During his fourth year of delivering his ambitious Police and Crime Plan for Norfolk PCC Lorne Green is now asking the public if they would be prepared to pay extra in a bid to build a safer and more resilient Norfolk – or prefer no rise at all.
The PCC is required by law to set the budget for Norfolk Constabulary and as part of this, decide how much the Norfolk public contributes to the policing element of Council Tax they pay. To inform this decision, each year Lorne has consulted with people across the county on whether or not this should increase.
This year’s consultation will run from today Monday 16 December until Friday 17 January 2020 and will see Lorne touring the county to seek the views of Norfolk residents.
“It is imperative to me I hear the views of as many Norfolk residents as I can to ensure I make a fully informed decision,” said Lorne.
“Every year, a large majority of the Norfolk public have supported an increase in the police precept to ensure the Norfolk Constabulary can continue to provide a high-quality service.
“Based on the needs set out by the Chief Constable for Norfolk and with the support of residents, I have previously continued to raise the police precept to invest in a number of areas identified as priorities by the Norfolk public.”
During his tenure, the PCC has previously invested in areas, including:
- Increasing the number and visibility of uniformed officers – Norfolk now has 138 more officers as a result.
- The roll-out of 21st century technology including drones, body-worn cameras and expansion of Automatic Number Plate Recognition (ANPR) technology.
- Policing and crime prevention in rural areas including introduction of Rural Crime Officers, increased Constabulary engagement with rural communities and the launch of the ‘Raise the Alarm’ campaign to reduce church lead thefts.
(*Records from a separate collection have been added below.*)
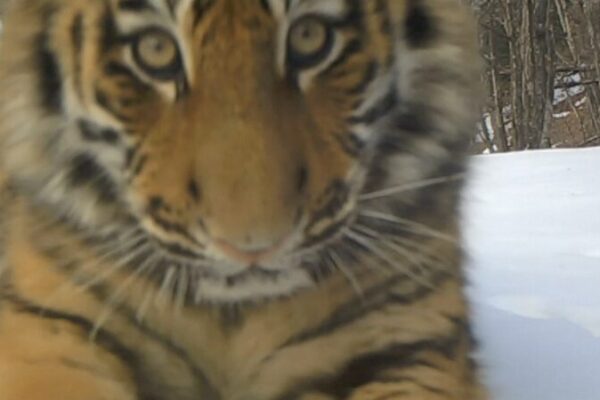 NE China National Park Sees Surge in Wild Tigers and Leopards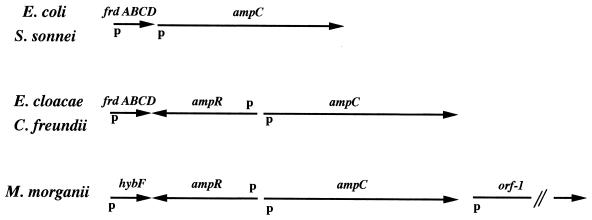 FIG. 7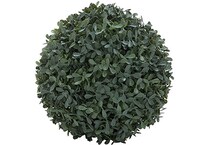 umai green plants   
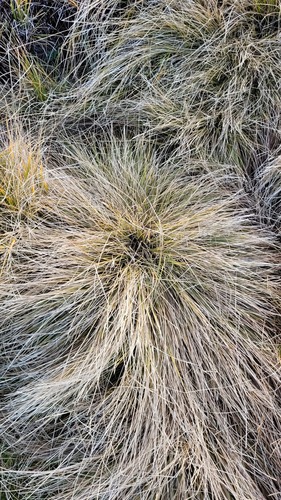 Carex muelleri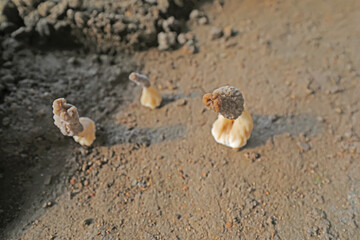 The vigorous growth of Morchella in a greenhouse, North China
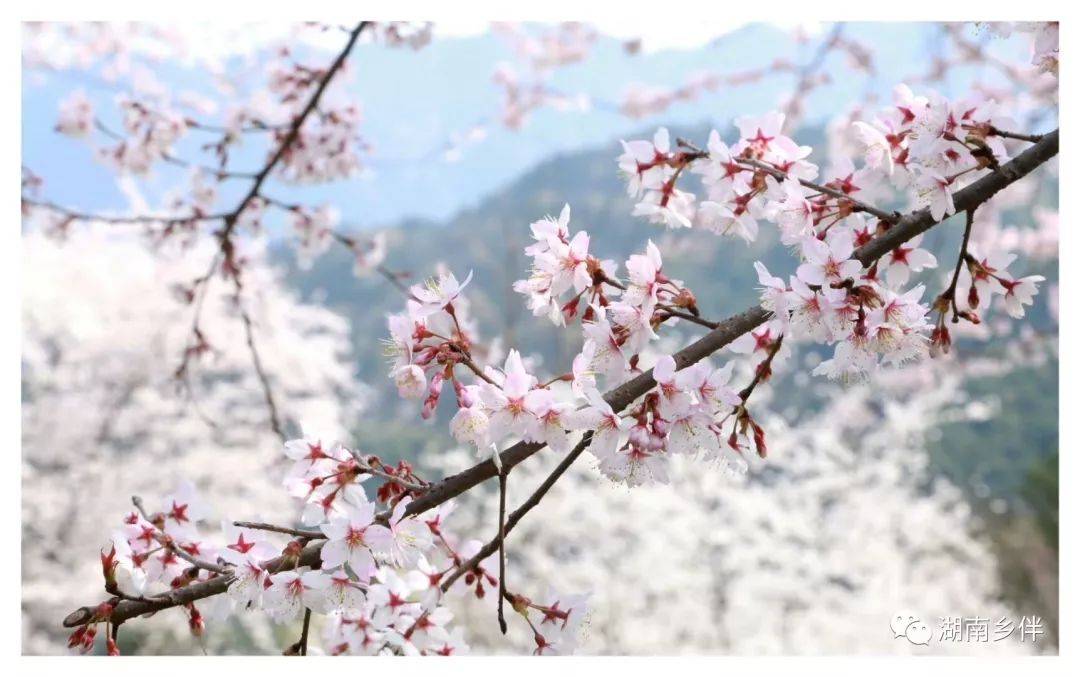 赏樱|安化：天道山樱花盛开 漫山遍野只为等你来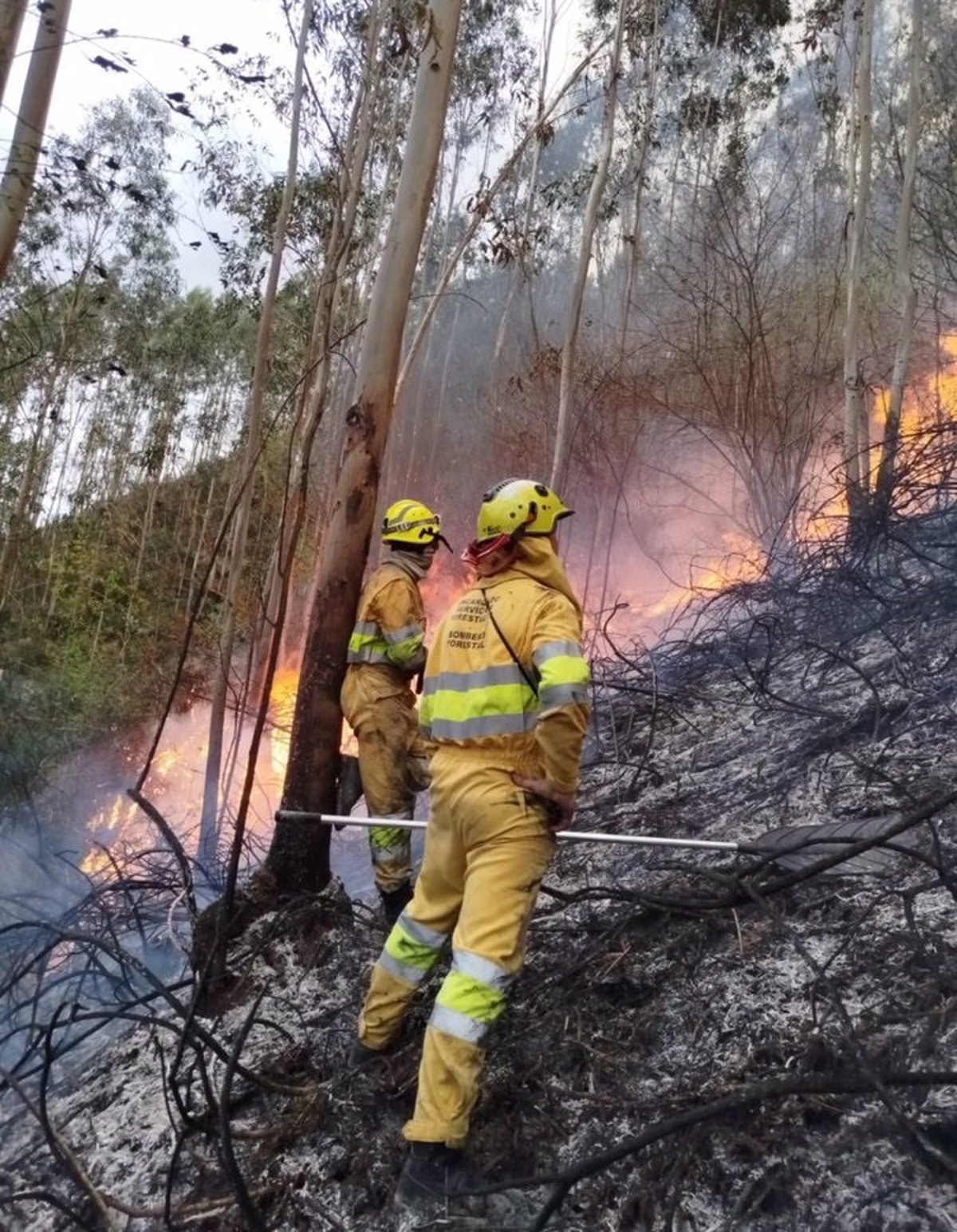 Cantabria registró este lunes seis incendios forestales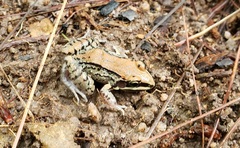 Leptodactylus mystacinus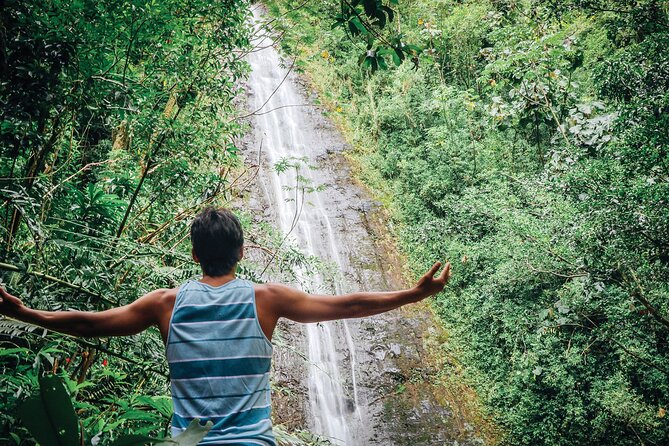 Manoa Waterfall Hike with Waikiki Pickup & Healthy Lunch - Leaving Waikiki at 9:00 a.m.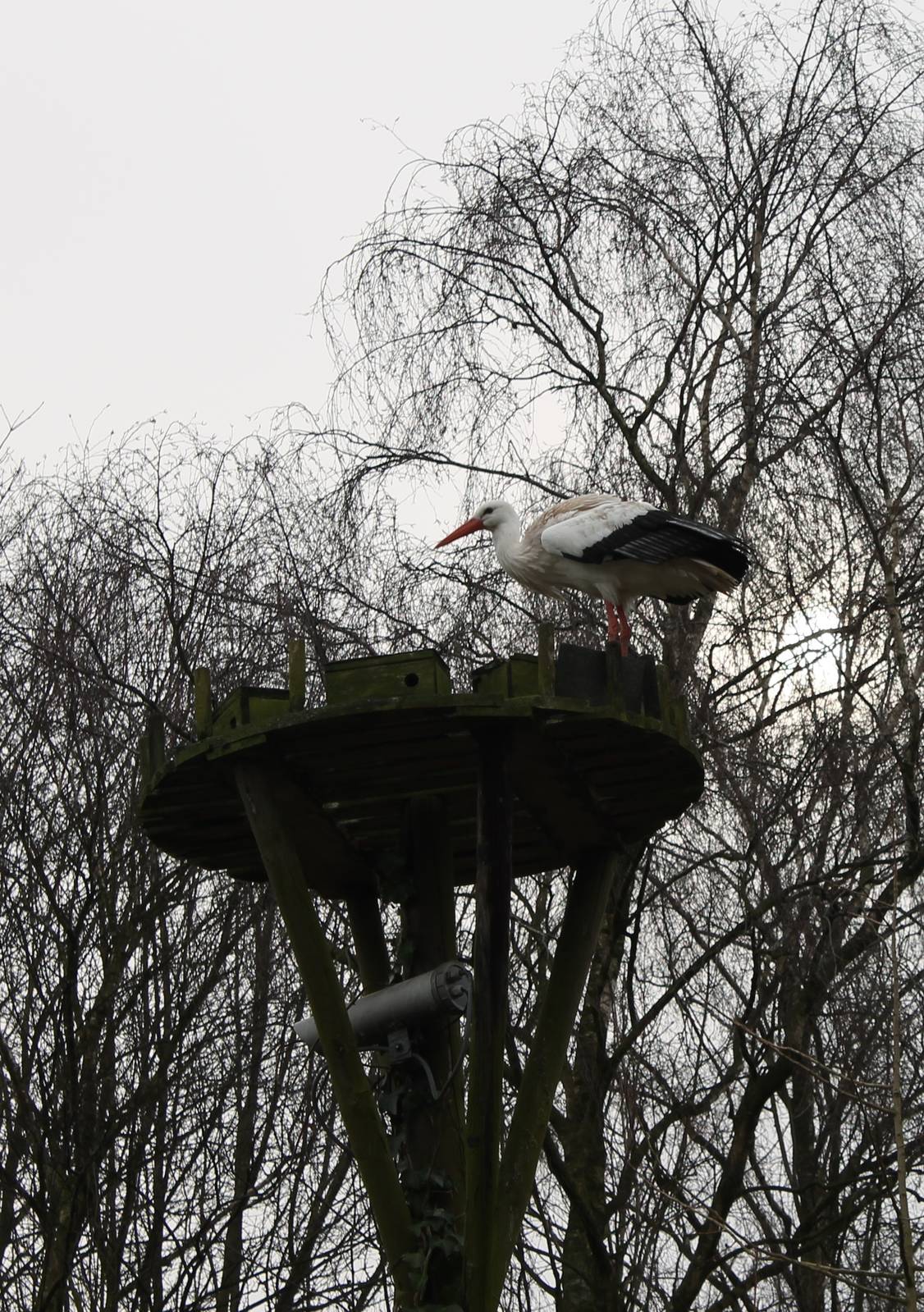 European white stork inspecting a nest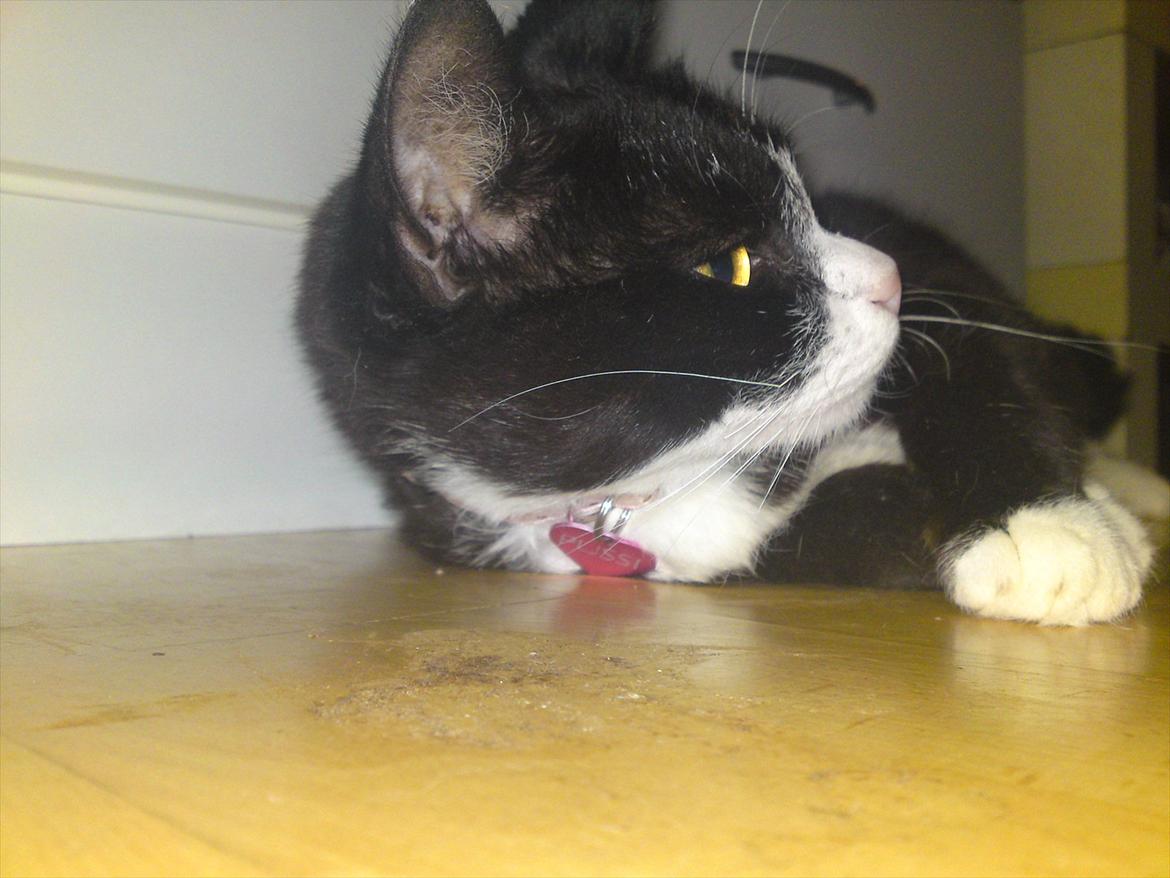 Huskat Pussi [FORSVUNDET] billede 13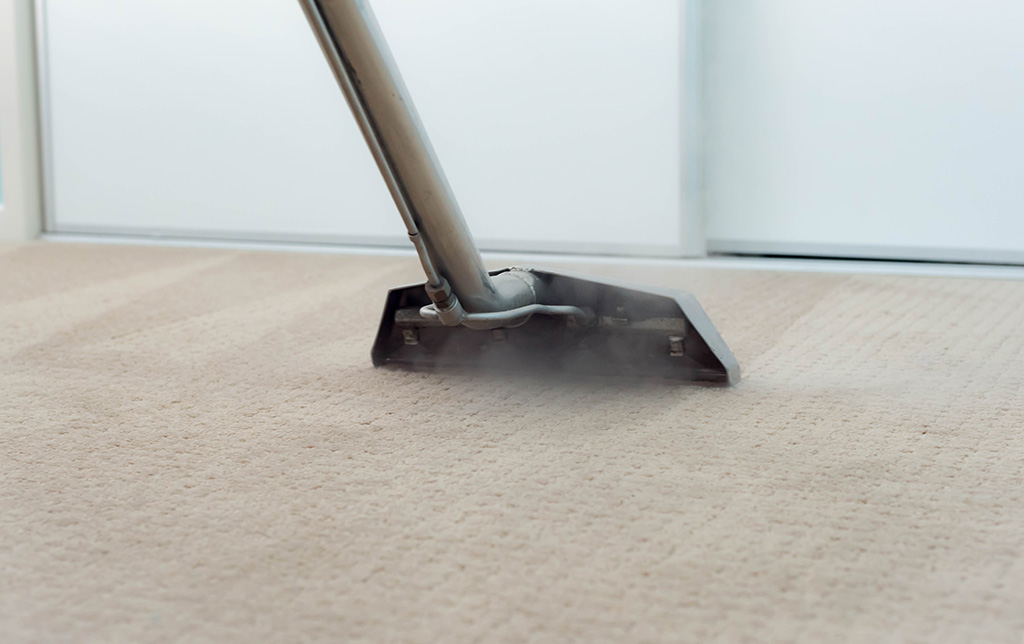 Steps To Professional Carpet Cleaning In Sacramento, CA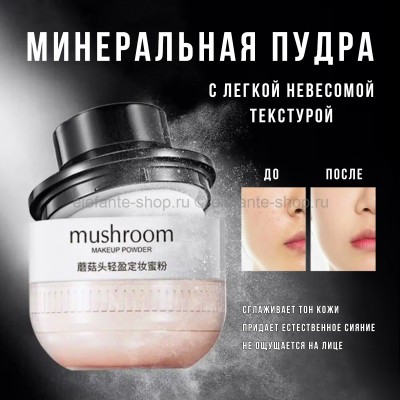 Минеральная пудра ZOZU Mushroom Makeup Powder Natural 15g
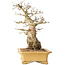 Carpinus coreana, 37 cm, ± 50 jaar oud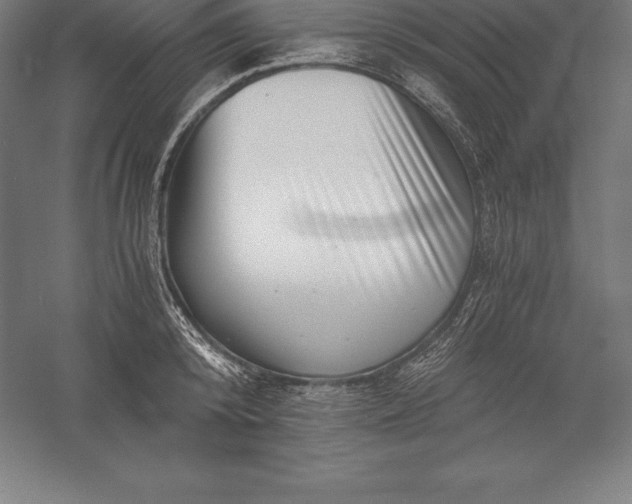 X0000056340800200509091529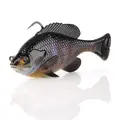Black Gill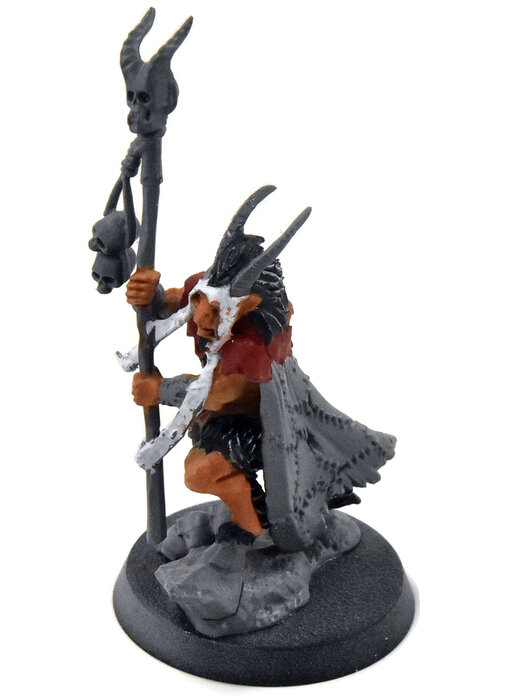 BEASTS OF CHAOS Great-Bray Shaman #1 Sigmar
- Tackling abuse through an increase in detectives and the creation of two new ‘Investigation Hubs’ in the county.
- Increasing support for all victims, including services for victims of domestic abuse and sexual assaults.
“Looking ahead to the next five years, the risks in our communities and the pressures on Norfolk Constabulary will continue to be very challenging for the police and my office,” added Lorne.
“The increase in some of the most abhorrent and harmful crimes, including domestic abuse, sex offences, child sexual abuse and child sexual exploitation, has also left officers undertaking complex investigations on a frequent basis.
“This fundamentally changes how the police need to do their business and long-term steps to make our communities and future generations more resilient are necessary.
“Raising taxation is a decision no-one wants to take, particularly at a time when, for so many, incomes are stretched.
“However, we are faced with some stark choices and I need to fully understand how supportive you are of the different options available to keep Norfolk safe and build long-term resilience.”